I’m almost happy with this recipe. It gets slightly better each time, and I’ll tweak the recipe as I make refinements.
Prep time: 3 weeks, give or take 3 weeks.
INGREDIENTS
- 1 cup real butter (see note 1 below)
- 1/4 cup honey, warmed (see note 2 below)
- 2 eggs
- 3 TABLEspoons vanilla extract, the real stuff (see note 3 below)
- 1 cup packed brown sugar
- 1 cup white sugar (see note 4 below)
- 1 teaspoon baking soda
- 1/2 teaspoon salt
- 3−3÷4 cups all-purpose flour
- 2 cups Ghirardelli 60% cacao bittersweet chocolate chips (see note 5 below)
- 1 cup milk chocolate chips
DIRECTIONS
- Place butter in a microwave-safe bowl. If the brown sugar is clumping at all, place it in another bowl. Microwave both at 30% power. Watch closely; you want the butter to melt completely, but not get extremely hot. Brown sugar gets nice and fluffy when microwaved a little. I like it. It doesn’t make any difference in the cookies, but do it my way anyway.
- Beat the eggs together. While mixing, gradually drizzle in the butter. (Too fast and you’ll cook the eggs. Bad.)
- Heat honey until warm and thin; add gradually to eggs and butter.
- Add the vanilla.
- Cream in the white sugar and brown sugar until smooth. Mix thoroughly, meaning high speed for a long time.
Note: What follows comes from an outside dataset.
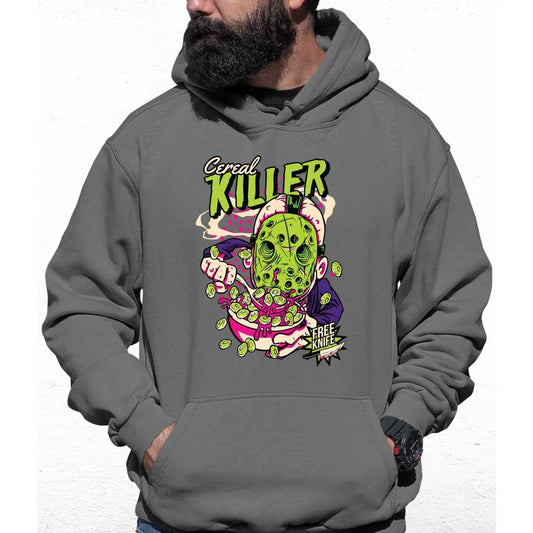 Cereal Killer Colour Hoodie - Tshirtpark.com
This should be, let me emphasize, smoooooth.
- In a separate bowl, whisk together the baking soda, flour, and salt, then manually stir into batter.
- Stir in the chocolate chips.
- Cover the dough and refrigerate for at least 30 minutes. More is better (to a point). Overnight is best.
- Preheat oven to 350 degrees.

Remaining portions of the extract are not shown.